8L'échec le plus important du poujadisme est peut-être à rechercher ailleurs : dans son incapacité à devenir, des deux côtés de la Méditerranée, une force politique capable de fédérer les partisans de l'Algérie française. C'était l'objectif d'un J.-M. Le Pen ou d'un J.-M. Demarquet, mais ils n'ont pas eu de relais militants suffisants. À l'inverse, le poujadisme a eu de solides atouts outre-Méditerranée puisque c'est à Alger en novembre 1954 que l'UDCA a tenu son premier congrès national. Mais, en Algérie, la question de la défense de l'Algérie française éclipse les questions professionnelles9 comme le montre le tableau dressé par Bernard Lefèvre et Maurice Baille qui ramènent la définition du poujadisme à leur propre conception politique : « Un mouvement [.] parvenu au terme d'une longue évolution qui l'a mené de la défense professionnelle des commerçants à la défense de toutes les collectivités qui constituent la France, et par voie de conséquence à la défense de la nation tout entière10. » C'est bien sur cette base que les poujadistes locaux (Joseph Ortiz, etc.) nouent des contacts avec l'activisme naissant (Union française nord-africaine de Robert Martel, etc.). Cependant, même si l'UDCA en métropole multiplie les prises de position en faveur de la défense de l'armée et de l'Algérie française, les positions de l'UDCA métropolitaine, sur Suez notamment, désorientent les militants poujadistes d'Afrique du Nord, militants que l'UDCA métropolitaine met d'ailleurs peu en avant. Les relations entre la métropole et l'Algérie sont donc délicates et peu nombreux sont les groupements capables d'entretenir à la veille du 13 mai des antennes des deux côtés de la Méditerranée. Le poujadisme, originellement le mieux armé, n'a pas saisi ce levier tandis que la plupart des groupements pieds-noirs défendant l'Algérie française sur Alger ou dans la Mitidja n'ont guère de relais en métropole. À côté des poujadistes, le seul groupement nationaliste implanté des deux côtés de la Méditerranée est le mouvement Jeune Nation dominé par Pierre Sidos et Dominique Venner, et organisé par Michel Leroy en Algérie. Pour le reste, il faut souligner l'importance des réseaux militaires (Association des combattants de l'Union française) ou politiques (gaullistes).
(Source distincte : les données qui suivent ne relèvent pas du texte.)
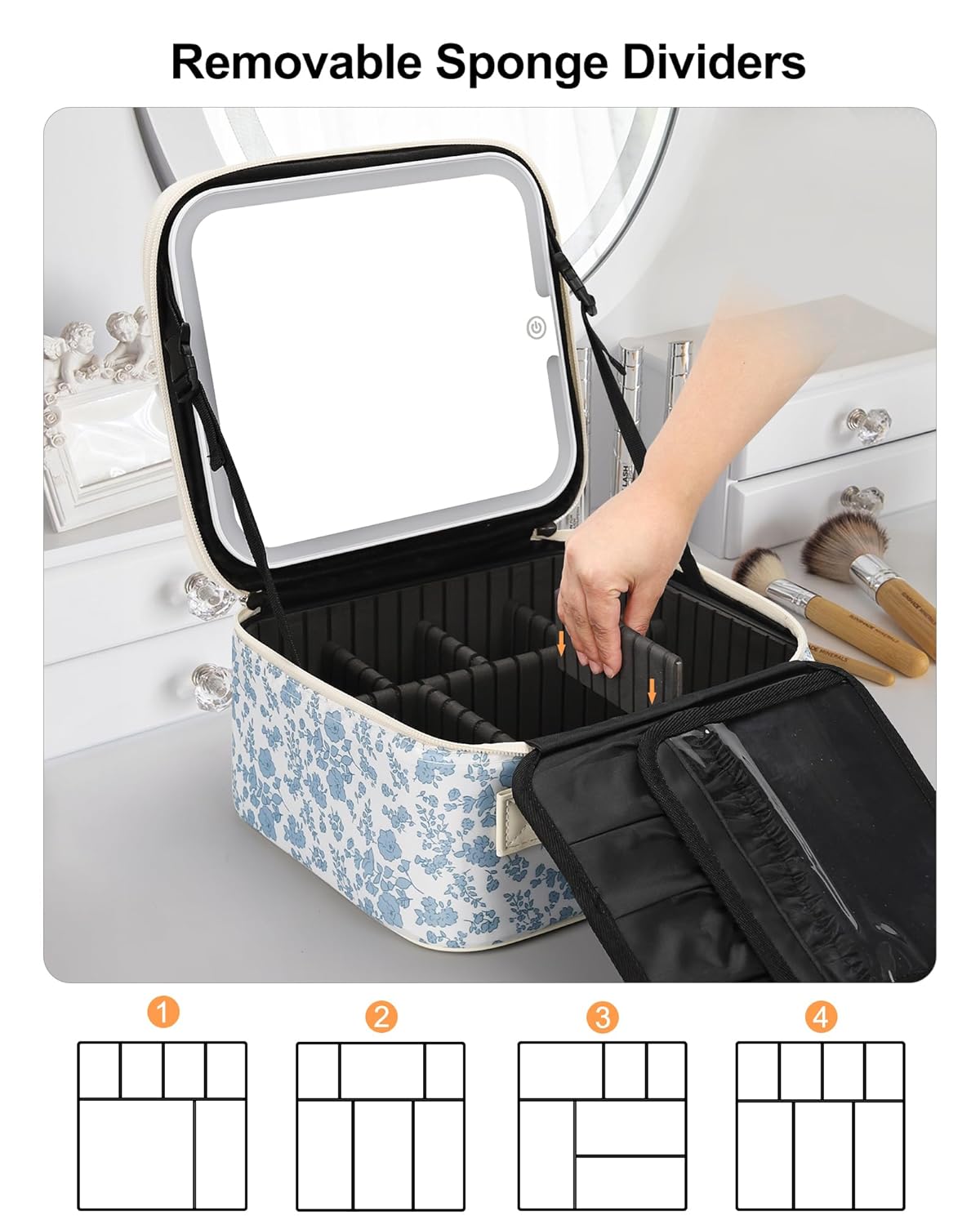 Relavel Travel Makeup Bag with LED Mirror, Portable Cosmetic Train Case with 3 Color Lighted Brightness Mirror, Makeup Artist Organizer Storage with Adjustable Dividers Make Up Box - Blue Flower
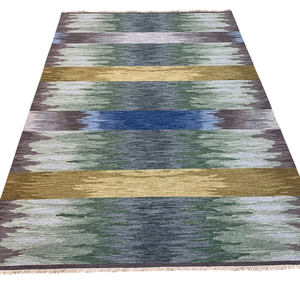 Tapis moderne en laine tissé à la main, écologique, à poils ras, tissage plat - Product Image 6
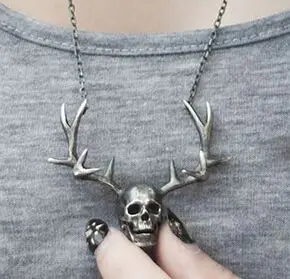 Gothic Deer Antler Skull Necklace Skeleton Biker Jewelry Pendant Fashion Hot Charm Punk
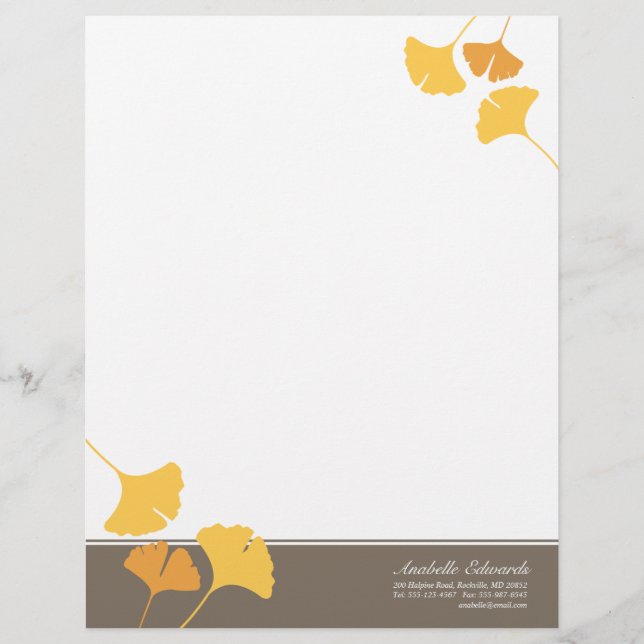 Falling ginkgo leaves golden yellow grey autumn letterhead design (Front)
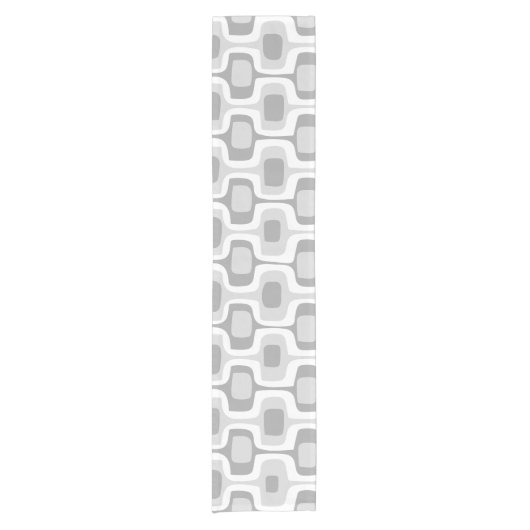 Geometrisches graues Muster Mitte des Jahrhunderts Kurzer Tischläufer (Vorderseite)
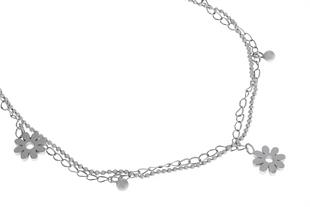 Kadın Üç Çiçek Model Çelik Halhal 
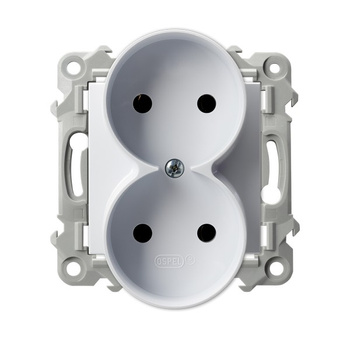 Gniazdo podwójne moduł bez ramki seria SZAFIR kolor Biały symbol GP-2ZR/m/00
9On mesure l'échec du poujadisme en analysant la composition du Comité de salut public au lendemain du 13 mai 1958 : sur 44 membres, dont 37 titulaires, les poujadistes comptent pour 3 : B. Lefebvre (titulaire), Roger Goutallier et J. Ortiz (suppléants)11. L'incompréhension entre l'UDCA algéroise et l'UDCA métropolitaine se transforme en divorce au cours du mois de mai 1958 lorsque l'UDCA de métropole refuse d'embrayer sur l'agitation algéroise et que les actions de la première ne trouvent pas d'écho dans Fraternité française12. Le groupe poujadiste a en effet voté la confiance au général de Gaulle le 1er juin 1958 et le lendemain se divise sur le vote des pleins pouvoirs : 5 députés votent contre (suivant les consignes de P. Poujade), 7 votent pour et 23 ne prennent pas part au vote13. Le divorce avec le général de Gaulle est en route et P. Poujade déclare qu'il vote « non » lors du référendum constitutionnel, tout en laissant à ses militants une liberté de choix. Le brouillage est total.
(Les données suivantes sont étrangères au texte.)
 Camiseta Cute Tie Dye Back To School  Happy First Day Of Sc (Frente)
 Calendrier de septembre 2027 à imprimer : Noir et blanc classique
Les droites nationales, la fin de la guerre d'Algérie et l'OAS
10En métropole, à l'automne 1958, les droites nationalistes sont à la fois marginalisées et dans l'expectative. Jeune Nation a été interdit et n'est jamais parvenu à retrouver une existence légale (le parti nationaliste, créé en février 1959, a été dissous au bout de trois jours). Sa seule antenne visible a été sa branche jeune, la Fédération des étudiants nationalistes, créée en 1960. Les élections de novembre 1958 ont eu raison des poujadistes restés fidèles au papetier de Saint-Céré même si ce dernier s'est présenté comme le candidat « anti-système » : « Un système a vécu, un autre naît. Il faut l'abattre comme le précédent14. » D'après les calculs de R. Souillac, 146 poujadistes orthodoxes ou assimilés se son présentés aux élections et ont obtenu dans les circonscriptions concernées 3 % des suffrages (par rapport aux inscrits), ce qui donne à l'échelle nationale un score d'environ 1 % des inscrits, correspondant à la moitié de celui des forces d'ultra droite15. D'autres ont choisi, pour un temps, la voie de la notabilisation, à l'instar de J.-M. Le Pen, réélu député et allant siéger au CNIP.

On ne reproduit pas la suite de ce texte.